NFA and the exchanges have developed a fix to Zelener that goes beyond forex and does not have unintended consequences. Our approach codifies the approach the Ninth Circuit took in CFTC v. Co Petro-which was the accepted and workable state of the law until Zelener-without changing the jurisdictional exemptions in Section 2(c) of the Act. In particular, our approach would create a statutory presumption that leveraged or margined transactions offered to retail customers are futures contracts if the retail customer does not have a commercial use for the commodity or the ability to make or take delivery. This presumption is flexible and could be overcome by showing that the transactions were not primarily marketed to retail customers or were not marketed to those customers as a way to speculate on price movements in the underlying commodity.

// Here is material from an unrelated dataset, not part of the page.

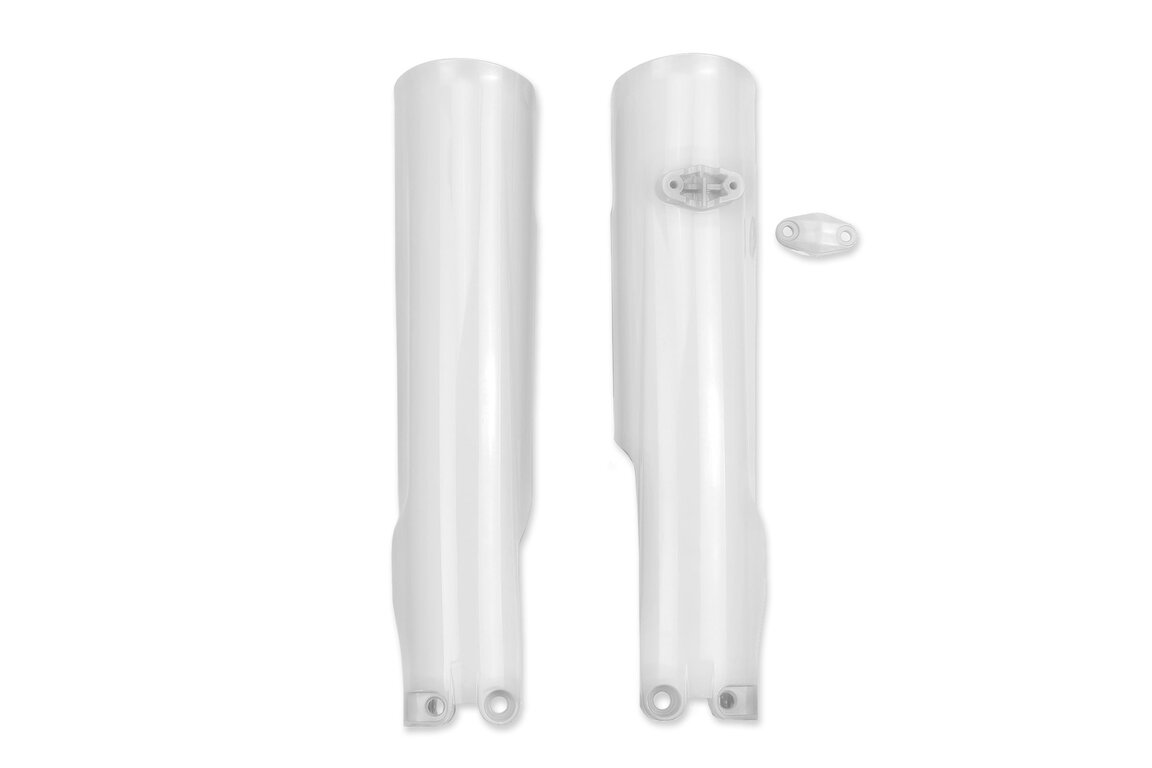 UFO KTM White Lower Fork Guards for Husqvarna: FC250 (2023-2027), FC250 Factory Edition (2025-2026), FC250 Rockstar Edition (2022-2024), FC350 (2023-2027), FC350 Heritage (2023, 2025), FC450 (2023-2027), FC450 Factory Edition (2025-2026), FC450 Rockstar Edition (2022-2024), ...and more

This statutory presumption would not affect either the interbank currency market or already regulated instruments like securities and banking products. It would, however, ensure that scammers cannot tailor their written agreements to sell leveraged commodity products to retail customers for speculative purposes in a completely unregulated environment. Moreover, it protects retail customers by giving the CFTC the power to shut down unregulated boiler rooms and freeze their funds.

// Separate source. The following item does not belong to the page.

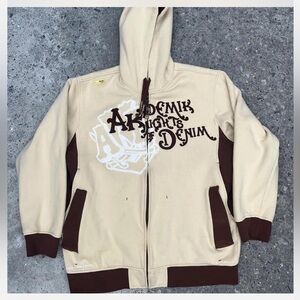 Akademiks Knights Of Denim Jeanius Full Zip Hoodie Brown Mocha XL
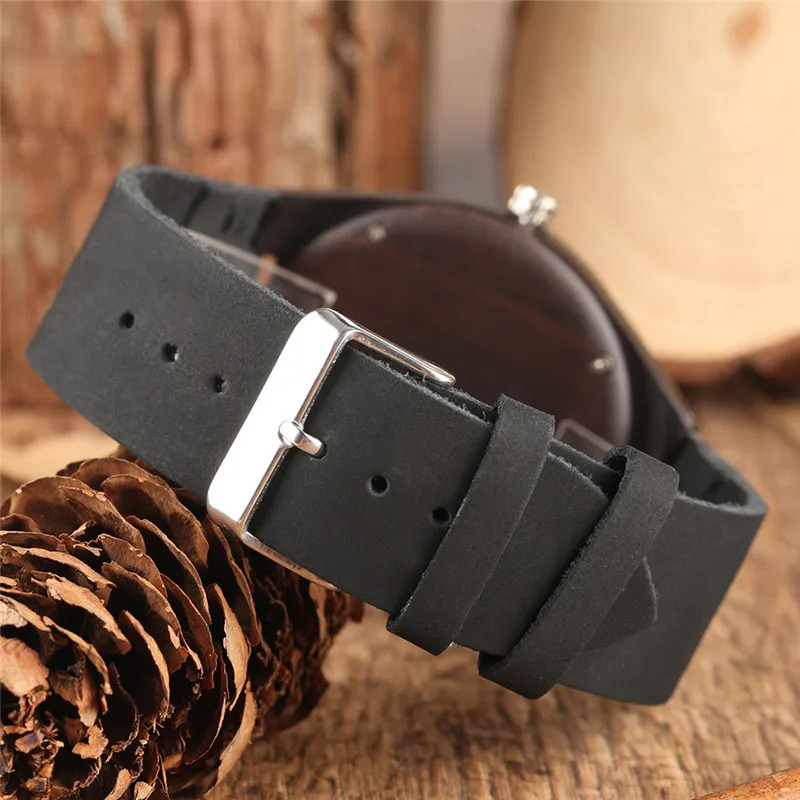 Handmade Silver Dial Nature Wood Clock Men's Bamboo Quartz Analog Wrist Watch Black Genuine Leather Strap Wooden Round Case Gift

While NFA continues to believe that the solution to Zelener should go beyond forex, we recognize that H.R. 4473's narrow Zelener fix would be a marked improvement over the current state of the law. If Congress adopts only a narrow Zelener fix and boiler rooms move to other commodities using Zelener-type contracts, then Congress must be willing to re-open the Act before the next reauthorization to consider resolving this issue completely.

In closing, let me state that NFA believes the industry and the public have benefited greatly from the enlightened regulatory approach that Congress adopted in the CFMA and from the CFTC's role in implementing the Act. We look forward to working with this Subcommittee, other Congressional committees, the CFTC, and the industry to address the important customer protection issues outlined above.